Aha, he thought. And then Voilà, which was better.

The next time Grandma made blueberry muffins, Chuck asked if he could take some to Mrs. Stanley.

“That’s very thoughtful of you,” Grandma said. “Why don’t you do that? Just remember to look both ways when you cross the street.” She always told him that when he was going somewhere. Now, with his little gray cells engaged, he wondered if she was thinking of the Jefferies boy.

Grandma was plump (and getting plumper), but Mrs. Stanley was twice her size, a widow who wheezed like a leaky tire when she walked and always seemed to be dressed in the same pink silk wrapper. Chuck felt vaguely guilty about bringing her treats that would add to her girth, but he needed information.

She thanked him for the muffins and asked—as he’d been pretty sure she would—if he would like to have one with her in the kitchen. “I could make tea!”

“Thank you,” Chuck said. “I don’t drink tea, but I wouldn’t mind a glass of milk.”

When they were seated at the little kitchen table in a flood of June sunshine, Mrs. Stanley asked how things were going with Albie and Sarah. Chuck, mindful that anything he said in this kitchen would be on the street before the day was out, said they were doing fine. But because Poirot said you had to give a little if you wanted to get a little, he added that Grandma was collecting clothes for the Lutheran homeless shelter.

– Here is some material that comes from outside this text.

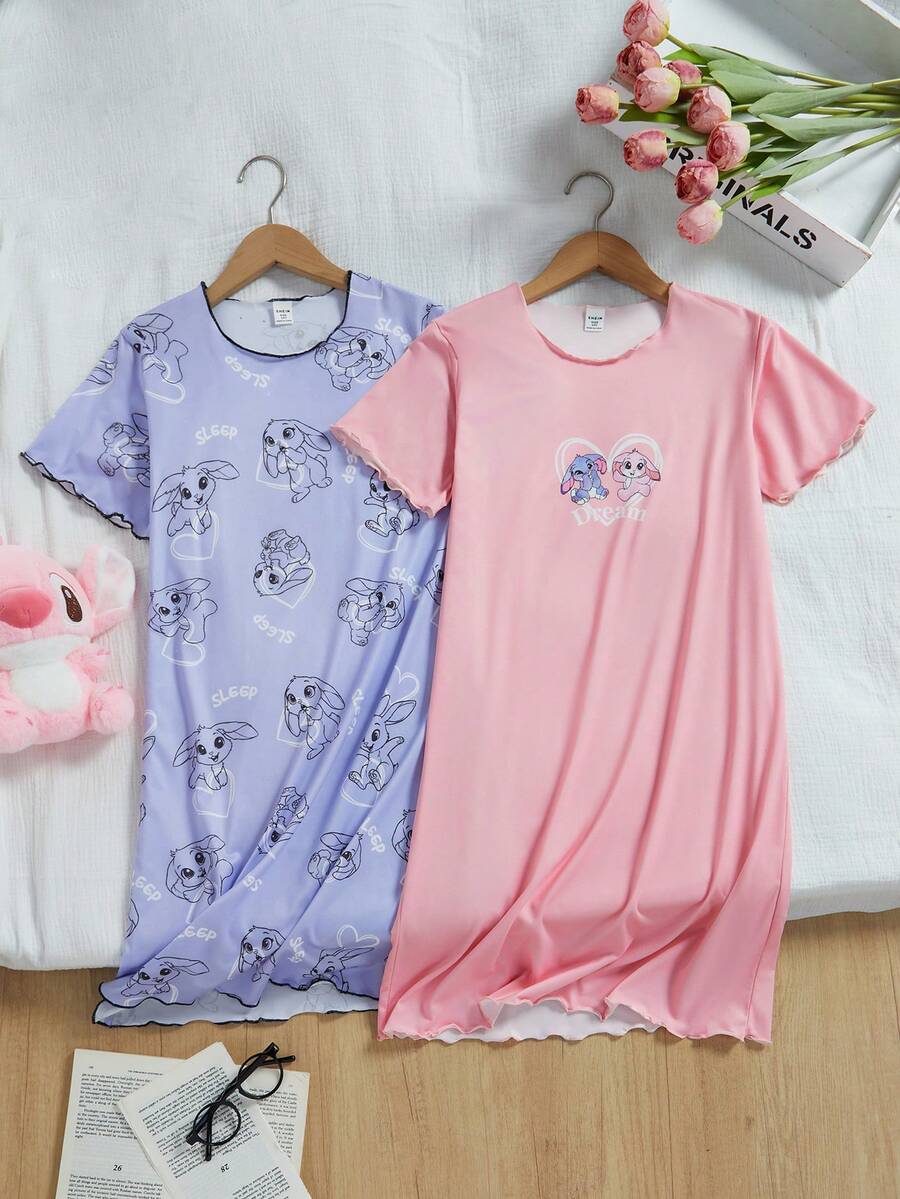 2件套女童卡通印花针织短袖睡衣家居服，春夏款 - 彩色 - 查看 1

“Your gramma’s a saint,” Mrs. Stanley said, obviously disappointed there wasn’t more. “What about your granddad? Did he get that thing on his back looked at?”

“Yeah,” Chuck said. He took a sip of milk. “The doctor took it off and had it tested. It wasn’t one of the bad ones.”

“Thank God for that!”

“Yes,” Chuck agreed. Having given, he now felt entitled to get. “He was talking with Grandma about someone named Henry Peterson. I guess he’s dead.”

He was prepared for disappointment; she might have never heard of Henry Peterson. But Mrs. Stanley widened her eyes until Chuck was actually afraid they might fall out, and grasped her neck like she had a piece of blueberry muffin stuck in there. “Oh, that was so sad! So awful! He was the bookkeeper who did your father’s accounts, you know. Other companies, too.” She leaned forward, her wrapper giving Chuck a view of a bosom so large it seemed hallucinatory. She was still clutching her neck. “He killed himself,” she whispered. “Hung himself!”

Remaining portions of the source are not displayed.